Kathleen: Yes, even though people were doing different things. There was an incredible amount of sharing and overlap. Fifth Column played house parties at first and then the first time we played a public gig was at the Subway Room at the Spadina Hotel, another space where music, performance and video art intersected. Our opening act was Andy Payne who read a sonnet. It sounds ironic now but it wasn’t done with any sense of irony. He was a part of our scene and asked if he could read some poetry. We thought: why not?
Early in our performance history we made a connection with John Porter at the Funnel. We invited John to screen his super 8 films on us as we played. It was an obvious homage the Velvets and Warhol. We were interested in the idea of a multi-media experience much more than we were interested in fitting the conventional rock star mold. I think the first time we did this was when Fifth Column played a benefit gig at the Funnel in May 1982.
Mike: I think that as people get older time evaporates while the shared ideals you’ve talked about require major face time.
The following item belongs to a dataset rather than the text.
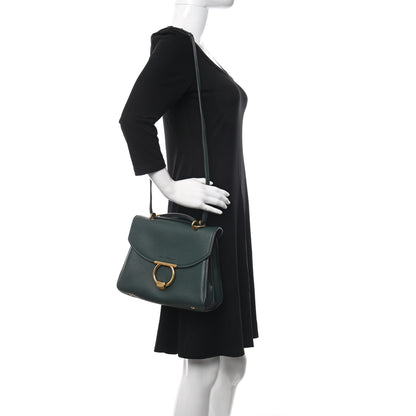 Salvatore Ferragamo Calfskin Margot Top Handle Satchel Dark Green 2 of 10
Kathleen: In addition to the evaporation of time there were other kinds of socio-economic changes. Toronto during the seventies and early eighties could be a relatively cheap place to live. There was a ready supply of semi-abandoned industrial space that meant you could make music, movies or art without disturbing too many neighbours. You could get by bartending or waiting tables two or three nights a week. That became more difficult when the real estate boom arrived in the eighties. That was a huge stress for people and it became much more challenging to live in a free-floating way, or configure your domestic life in relation to community affinities.
While I had some good fortune during that period, I also had pretty low standards that made it fairly easy. I lived in a place with no heat on the weekends. That was doable, that was the cost of having a place that was cheap and central. But I knew others who were evicted two and three times in the course of an eighteen-month period. Higher rents ate away at our most important luxury we had become used to: free time. This was also a period before people invested so much in what they consumed. It was very unusual for anyone who lived downtown to have a television or a car. People cared about what they wore, but it was almost all second hand, being creative with your clothing was part of that lifestyle. That was the other big luxury we enjoyed: urban living before brand culture took over.
Mike: Before the internet, the question of who I might be, or who we might be together, had to be done in specific architectures with other people. There was also the hope conjured by scarcity and the possibility of anticipation. At the Funnel, many of us had only read about these difficult movies, or dreamed them after seeing a still. There was an urgency to go and see them because access was rare.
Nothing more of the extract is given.